── DATA LISTING

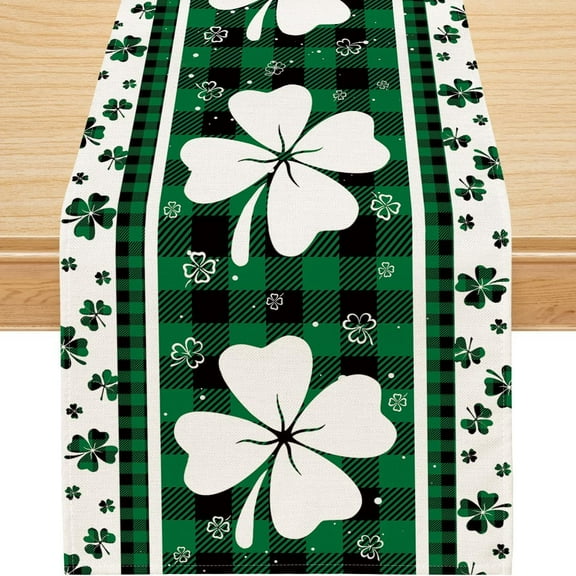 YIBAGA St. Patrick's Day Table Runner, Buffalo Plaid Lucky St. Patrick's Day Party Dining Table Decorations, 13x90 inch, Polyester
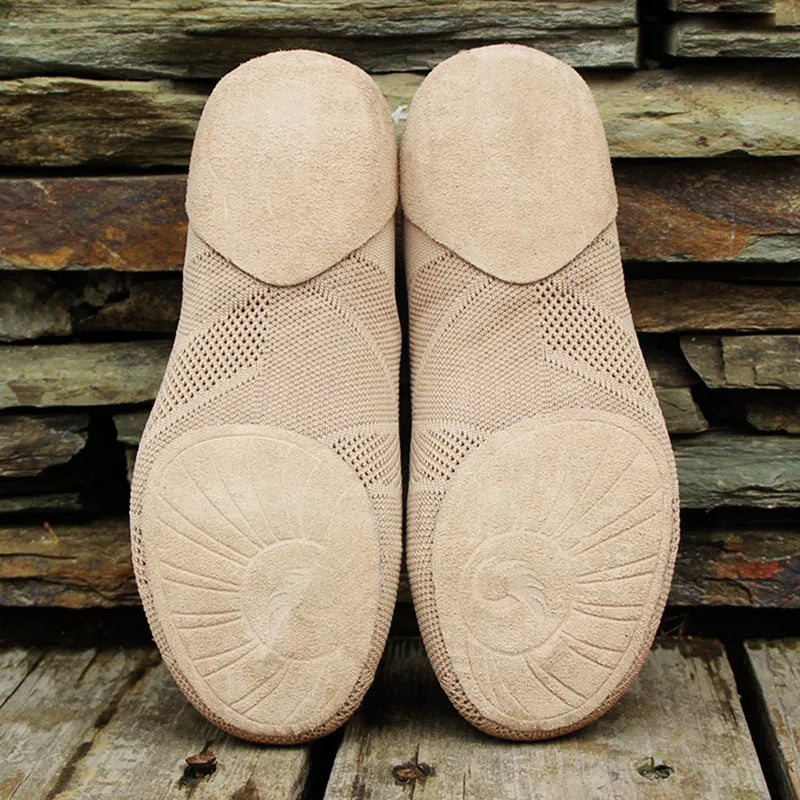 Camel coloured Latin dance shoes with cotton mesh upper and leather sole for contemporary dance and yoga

────
── DATA LISTING

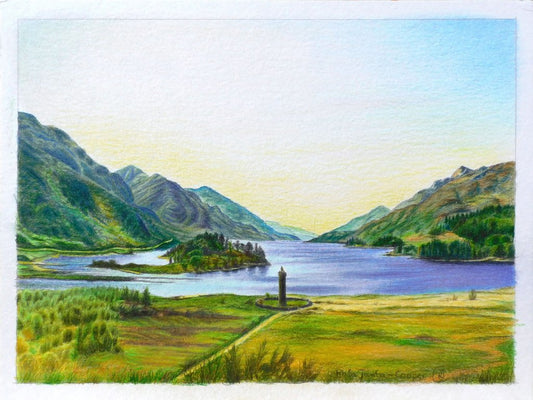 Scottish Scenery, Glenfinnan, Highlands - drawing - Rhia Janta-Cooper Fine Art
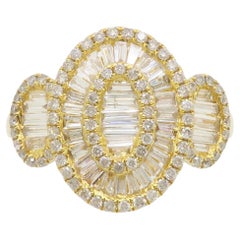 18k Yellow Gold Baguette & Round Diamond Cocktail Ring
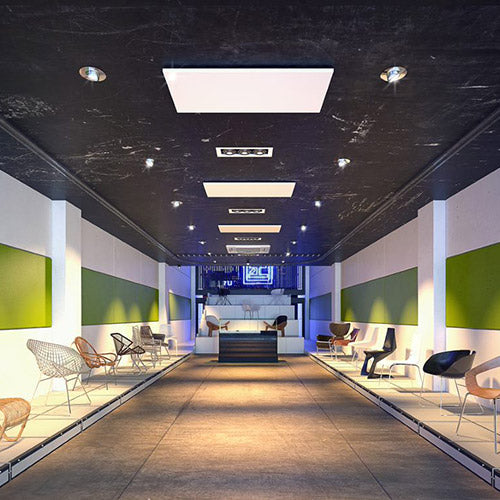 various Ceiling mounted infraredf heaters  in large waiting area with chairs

────

WORK INSTRUCTIONS: Give back exactly the lines above that run from the one with "YIBAGA St. Patrick's" to the one with "Camel coloured Latin", including both, with the pictures left out.

SOLUTION FOR THIS PROBLEM:
 YIBAGA St. Patrick's Day Table Runner, Buffalo Plaid Lucky St. Patrick's Day Party Dining Table Decorations, 13x90 inch, Polyester
 Camel coloured Latin dance shoes with cotton mesh upper and leather sole for contemporary dance and yoga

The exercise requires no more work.